Deux méthodes en confrontation

Pendant que les Américains conservent leur domination sur l’économie mondiale et que les Européens cherchent tous les moyens pour réduire leur déficit, les pays émergents — Chine-Inde-Japon-Russie-Afrique — consolident leurs relations commerciales et confirment leur soutien envers le Yuan, la monnaie chinoise.
L’Occident voit la situation lui échapper, car le gouvernement japonais a annoncé qu’ils allaient accentuer les échanges en yuan. La seconde et la troisième puissance économique mondiale ont décidé d’utiliser leur devise respective dans leurs échanges. Créant la panique chez les Américains qui ont appelé les deux pays à cesser d’intervenir sur leur monnaie et les Européens qui souhaitent une « Europe plus unie ».
Deux modèles s’affrontent, l’Occident perdant la main sur l’économie mondiale et l’Orient cherchant des alternatives aux dollars et aux risques économiques et financiers qui s’y attachent. La communication du couple Sarkozy-Merkel et les promesses du G20 et des Sommets de l’UE n’auront pas empêché les autres puissances économiques et pays émergents à mettre en place un système économique et financier confiant et solide. Face à cette situation, la gouvernance mondiale reste encore à définir et le rôle des institutions internationales comme le FMI, l’ONU ou l’OMC, pourrait être réaffirmé pour que l’économie mondiale ne soit plus soumise aux variations d’une monnaie nationale.

Céline Tabou

Sommet G20 à Londres : réunion entre amis

Le Groupe des 20 pays les plus puissants au monde s’est réuni à Londres, le 2 avril 2009, afin de renforcer la coordination principalement dans quatre domaines : plans de relance économique, assainissement du système bancaire, dispositifs et règles de surveillance du secteur financier et aide aux pays émergents les plus touchés par la crise. À défaut de réformer le système et de sanctionner les fauteurs de trouble dans la crise économique et financière internationale, les états ont promis une enveloppe de 1.100 milliards de dollars pour relancer l’économie mondiale, d’appeler conjointement à la lutte contre le protectionnisme et à la mise en place d’actions concrètes pour renforcer la réglementation bancaire.

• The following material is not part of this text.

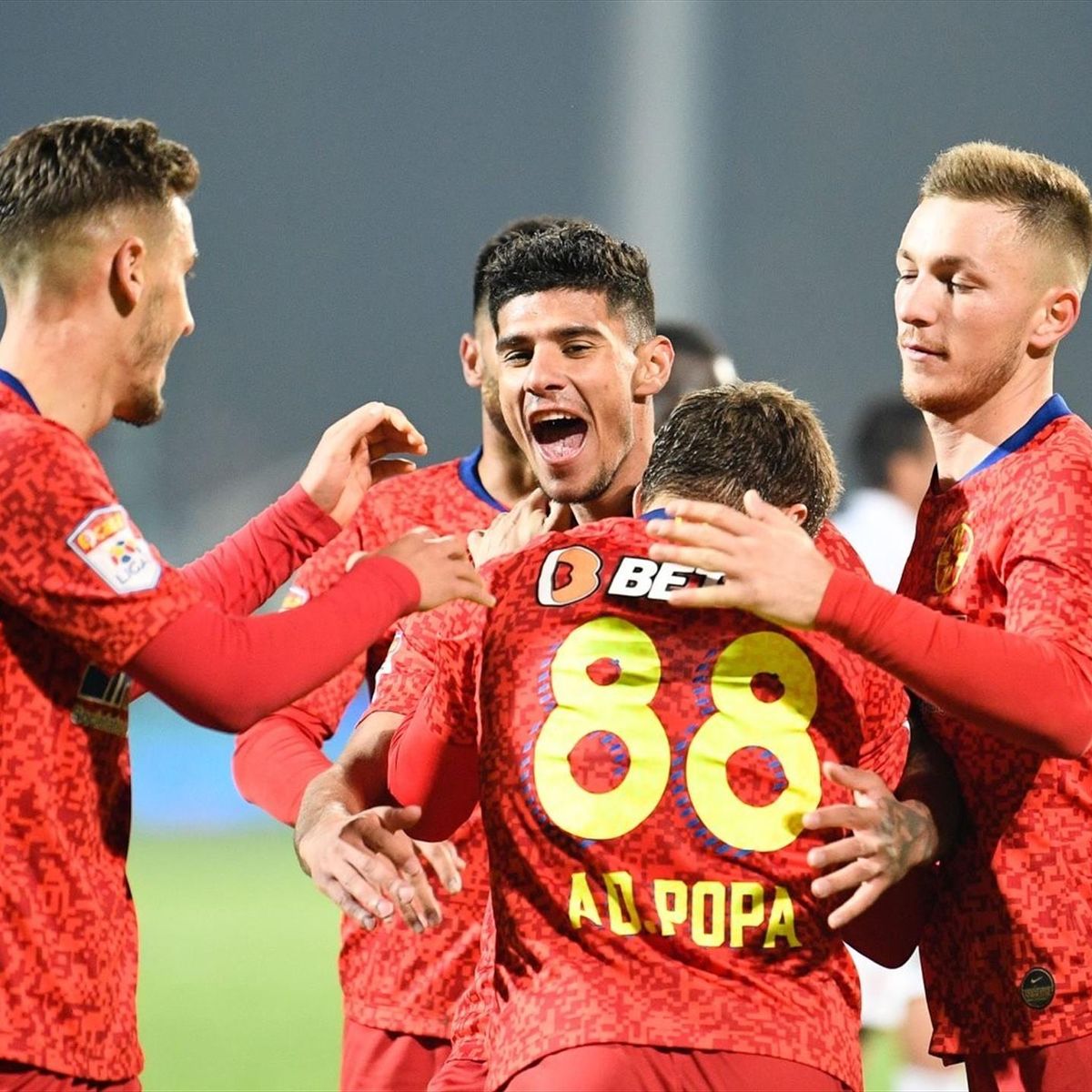 Cel Mai Bine Plătit Fotbalist Din Liga 1 Caștigă Cu 20 000 De Euro Mai Mult Decat Chipciu Eurosport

Concernant le renforcement de la surveillance financière et de la réglementation, les dirigeants devaient prendre des mesures pour construire un système de supervision et de régulation plus fort et plus cohérent à l’échelle mondiale afin de rétablir la confiance dans le système financier. Cependant, deux ans plus tard, la situation reste la même, les États tentent de réduire leurs déficits à travers des mesures d’austérité ou dérogation administrative en matière de budget, mais globalement aucun État atteint par la crise n’aura pris la mesure de réformer le système bancaire et financier qui aujourd’hui les oblige à tailler dans les dépenses publiques.